Compared with cLIPS1

LiGluR-MAG0(460) and cLIPS1 address a similar problem space because they share translation.

Shared frame: same top-level item type; shared target processes: translation; shared mechanisms: translation_control; same primary input modality: light

Relative tradeoffs: looks easier to implement in practice; may avoid an exogenous cofactor requirement.

Compared with optogenetic systems adapted to regulate gene expression

LiGluR-MAG0(460) and optogenetic systems adapted to regulate gene expression address a similar problem space because they share translation.

Shared frame: same top-level item type; shared target processes: translation; shared mechanisms: translation_control; same primary input modality: light

Relative tradeoffs: looks easier to implement in practice; may avoid an exogenous cofactor requirement.

Compared with prime-editing

LiGluR-MAG0(460) and prime-editing address a similar problem space because they share translation.

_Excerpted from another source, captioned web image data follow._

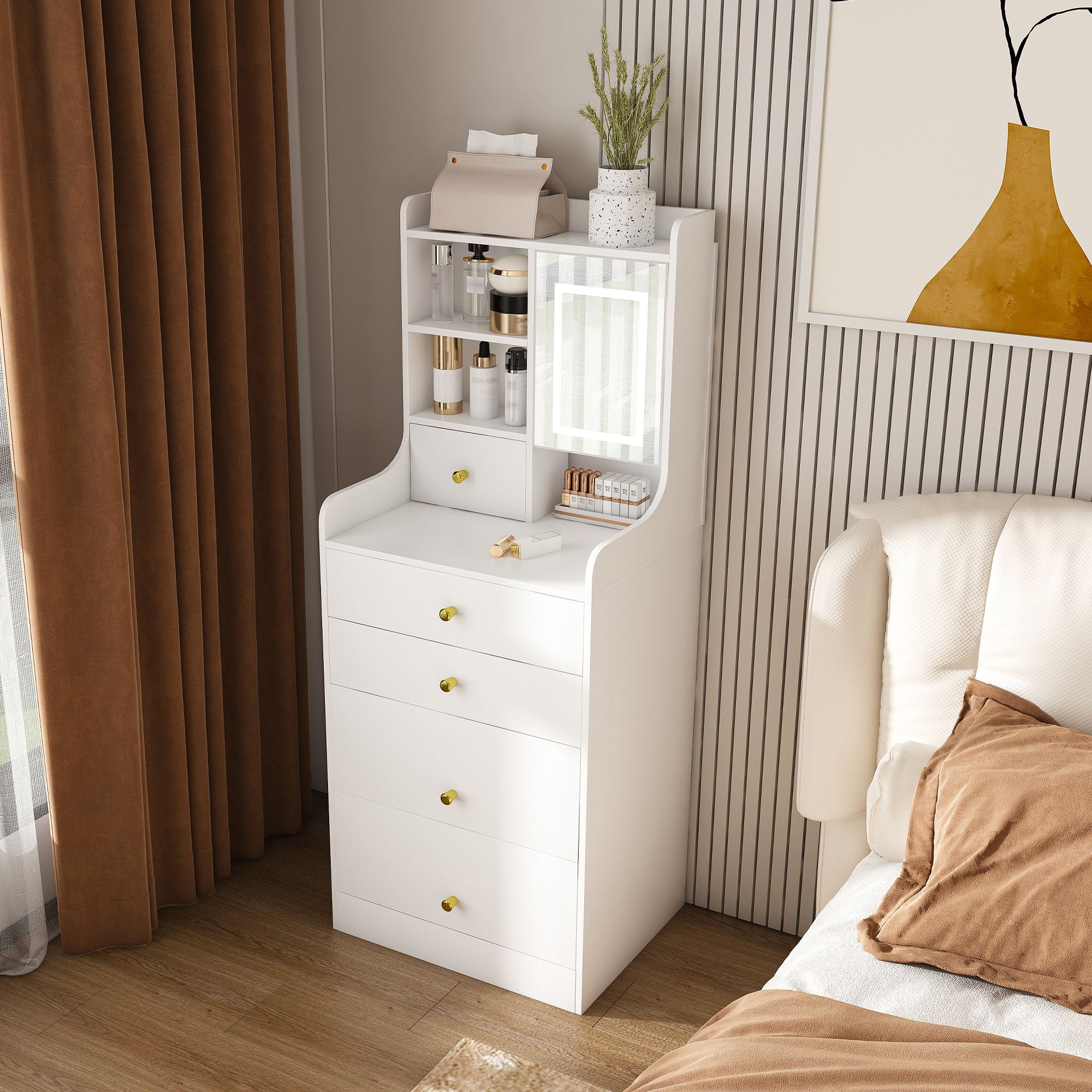 3 In 1 Dressing Table With LED Mirror & Storage Stool, Compact Makeup Vanity - White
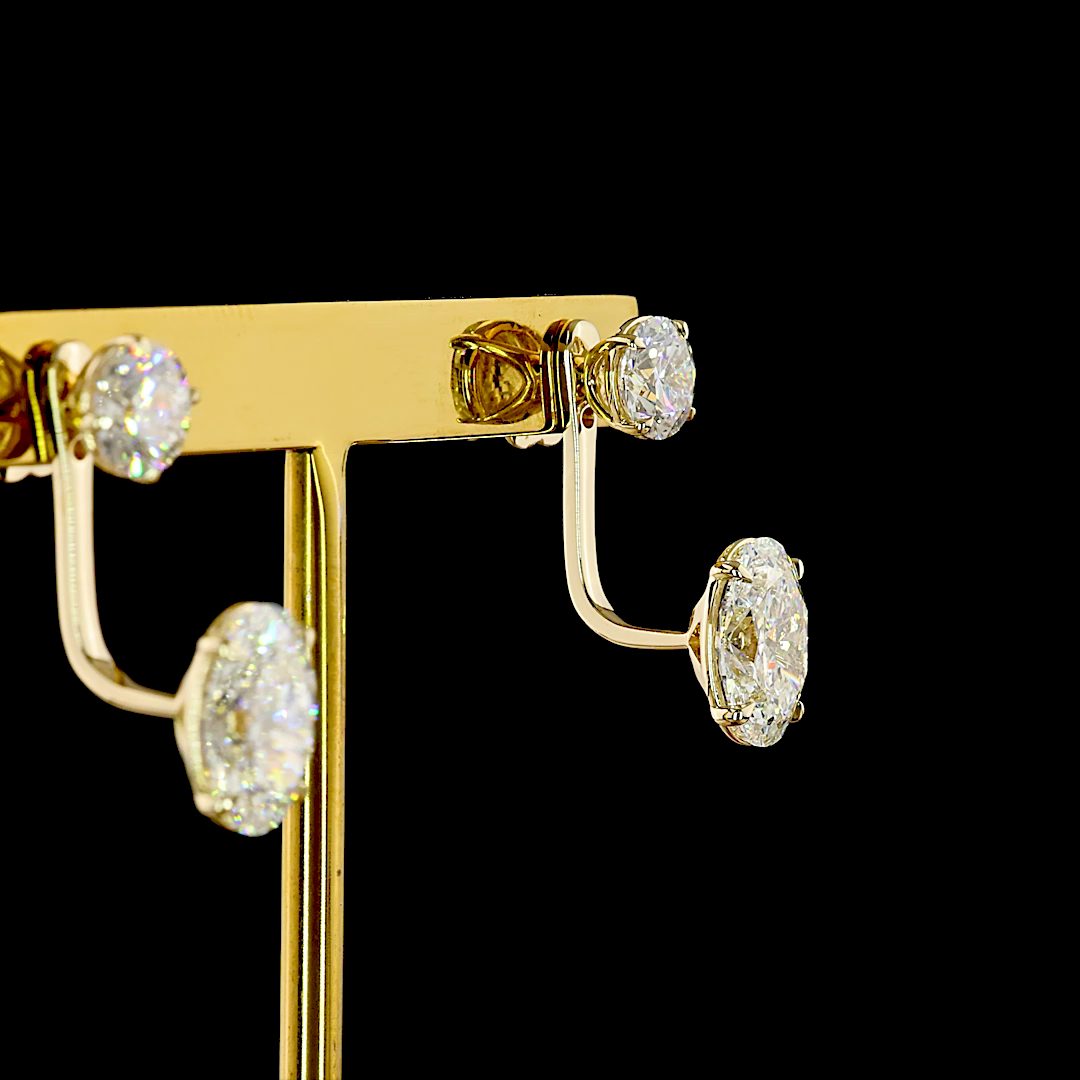 5.07 CTTW Oval Lab Grown Diamond Hanging Earring Size 20 (F Color and VS1 Clarity)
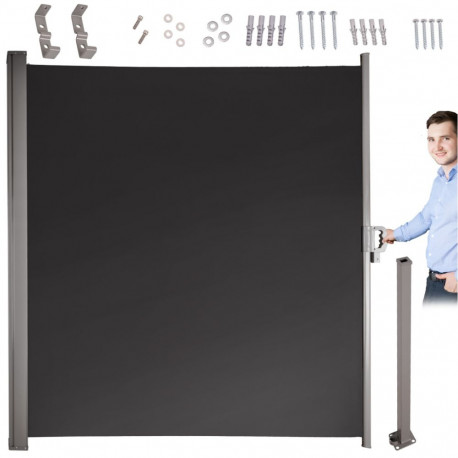 Terrassimarkiis LUARO sissetõmmatav ekraan 180 x 400 cm, hall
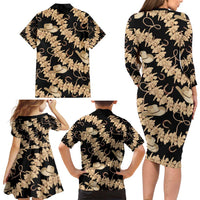 Vanuatu Cowboy Family Matching Long Sleeve Bodycon Dress and Hawaiian Shirt Seamless Straw Hats Hibiscus LT14 - Polynesian Pride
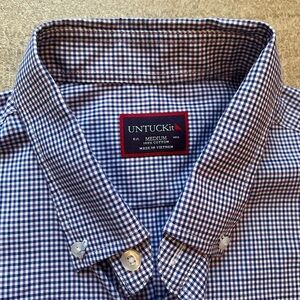 UNTUCKit Men's Purple and White Gingham Shirt Size M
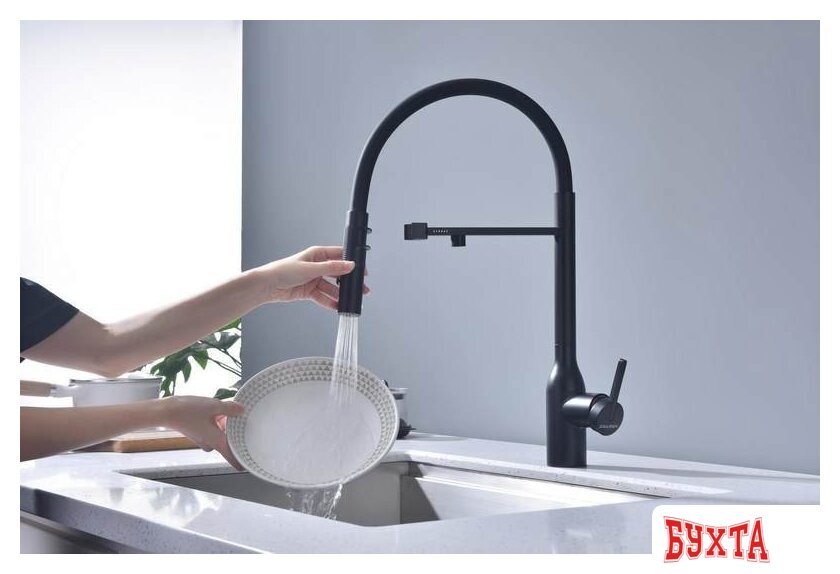 Смеситель Paulmark Magneto One Ma213188-GM (черный/вороненая сталь) 5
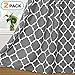 Flamingo P Moroccan Tile Blackout Curtains for Living Room Thermal Window Curtains 84 Inch Long Drapes Grommet Pattern Room Darkening Bedroom Curtains, Set of 2 Panels, Mild Gray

Shared frame: same top-level item type; shared target processes: translation; shared mechanisms: translation_control; same primary input modality: light

Relative tradeoffs: appears more independently replicated; looks easier to implement in practice.

Ranked Citations

  1. 1.
    StructuralSource 1Proceedings of the National Academy of Sciences2014Claim 1Claim 2Claim 3

    Seeded from load plan for claim c1. Seeded from load plan for claim c5. Extracted from this source document.